Inayat imposa son influence musicale et spirituelle au Nizâm, qui resta debout trois heures à l’écouter chanter et parler. Le Nizâm, lui-même poète et musicien, fut ému par l’idéal élevé d’Inayat et sentit qu’un secret profond se cachait sous son talent. Il lui demanda le secret de sa musique magique. Inayat répondit que le son est la source la plus haute, mystérieuse, et que sa musique traduit ses émotions profondes, sa religion, visant la perfection plutôt que la gloire.

La rencontre du Nizâm

Cette nuit-là, le Nizâm ne put dormir sans rappeler Inayat. Il voulait l’entendre en privé, loin des courtisans, vêtu simplement et assis au sol. Lorsqu’Inayat chanta une composition sur l’unité divine agissant dans l’univers, le Nizâm fut transporté d’extase. Interrogeant le but d’Inayat, ce dernier répondit qu’il était envoyé par Dieu pour unir les âmes par l’harmonie, non pour simple distraction.

Certains à la cour demandèrent s’il recevrait une charge officielle, mais le Nizâm, surpris, refusa, montrant un respect profond et personnel. Il appela Inayat « Tansen », en hommage au célèbre musicien de la cour d’Akbar, lui offrit une bague d’émeraude et une bourse d’or. Inayat obtint ainsi un accès permanent à la cour.

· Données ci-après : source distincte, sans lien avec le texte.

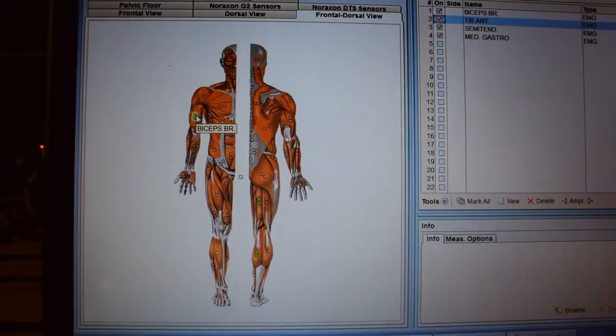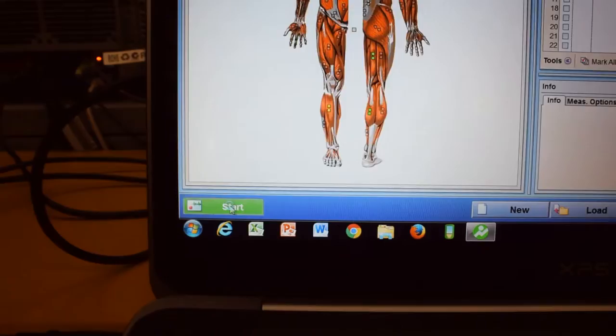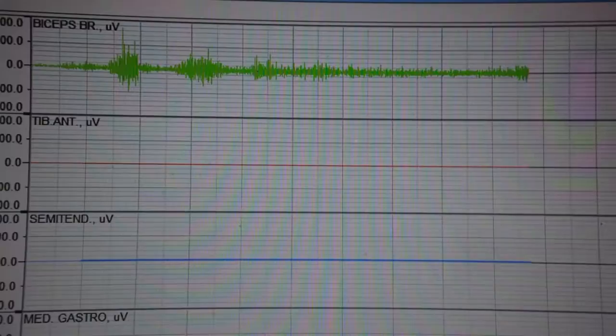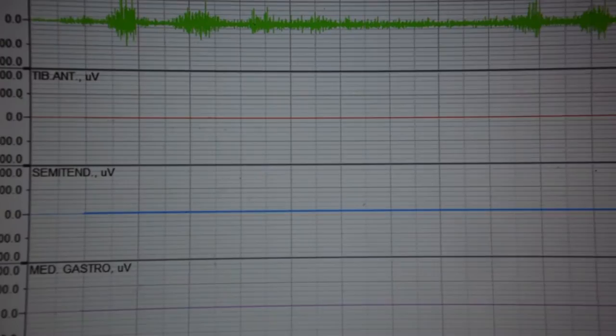So we have already selected our first channel to be on biceps brachii. Now we will come down and we will click the start button. And you will see that top graph, when I contract my arm, we get increases in muscle activity. Which is exactly what we are wanting to see.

Cet événement fit sa renommée à travers l’Inde. Nobles et princes d’Hyderabad l’invitèrent, mais sa loyauté envers le Nizâm le fit chanter uniquement pour lui.

L’appel intérieur

Cette entrevue avec le Nizâm révéla à Inayat l’action divine, qu’il ne pouvait partager qu’avec Lui. Voir son désir exaucé si vite aurait convaincu le plus sceptique. Il se souvint qu’à neuf ans, il avait imaginé rencontrer le Nizâm en regardant une carte de l’Inde, et cette vision s’était réalisée.

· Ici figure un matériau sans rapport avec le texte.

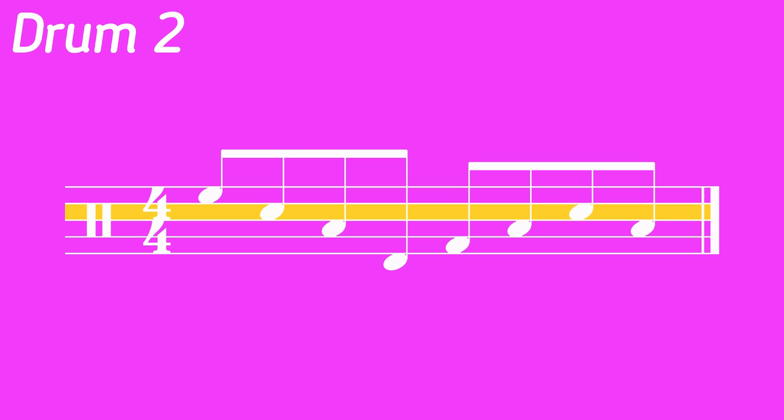From here, the next step is to identify what counts our partials lie on by reading them relative to the downbeats. If I first write out all of the downbeat counts here, I can then use that information to observe that we will play on the AND of 1 and count 4. If you're just starting out, make it a habit to write in all of your counts so that you can always refer to them if you're having trouble recalling your parts from memory.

Durant son séjour, il se fit de nombreux amis, dont Maulana Hashimi, qui lui enseigna le persan et la littérature soufie. Hashimi, grand mystique, sentit qu’Inayat préparait un avenir exceptionnel. Par un ami, Inayat rencontra plusieurs Parsis de Secunderabad, dont certains devinrent ses élèves en musique. Il rencontra Sirdar Destour Hoshang, grand prêtre zoroastrien, impressionné par la musique d’Inayat et son respect pour leurs chants sacrés malgré leur différence de religion. Son séjour lui permit d’apprécier les qualités des musulmans, notamment leur dignité, hospitalité et manières, fruits des enseignements du Prophète.

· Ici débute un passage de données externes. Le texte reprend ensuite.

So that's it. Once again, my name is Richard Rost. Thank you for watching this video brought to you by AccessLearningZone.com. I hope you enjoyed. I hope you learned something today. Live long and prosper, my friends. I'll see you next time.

L’ascèse et l’éveil intérieur

Inayat se réveillait à minuit pour veiller, malgré la fatigue. Son âme ascétique refusait de céder. Il méditait toute la nuit, puis chantait à l’aube, créant une joie spirituelle pour sa journée. À Hyderabad, seul, il passait beaucoup de temps en contemplation. Il sentit sa chambre s’illuminer d’une lumière rayonnante. D’abord pensant qu’elle venait de l’extérieur, un ami sage lui expliqua qu’elle venait de l’intérieur : chaque âme porte cette lumière, cachée jusqu’à la « résurrection » spirituelle, signe d’une nouvelle naissance. Inayat entendait souvent en rêve une voix répétant « Allah ho Akbar » qui le réveillait. Intrigué, il en parla à un ami qui lui dit que cette voix intérieure appelle les âmes prêtes à écouter. Il le conseilla de se réveiller à chaque appel et d’y prêter attention. Inayat se levait alors à chaque appel, méditant pendant des heures.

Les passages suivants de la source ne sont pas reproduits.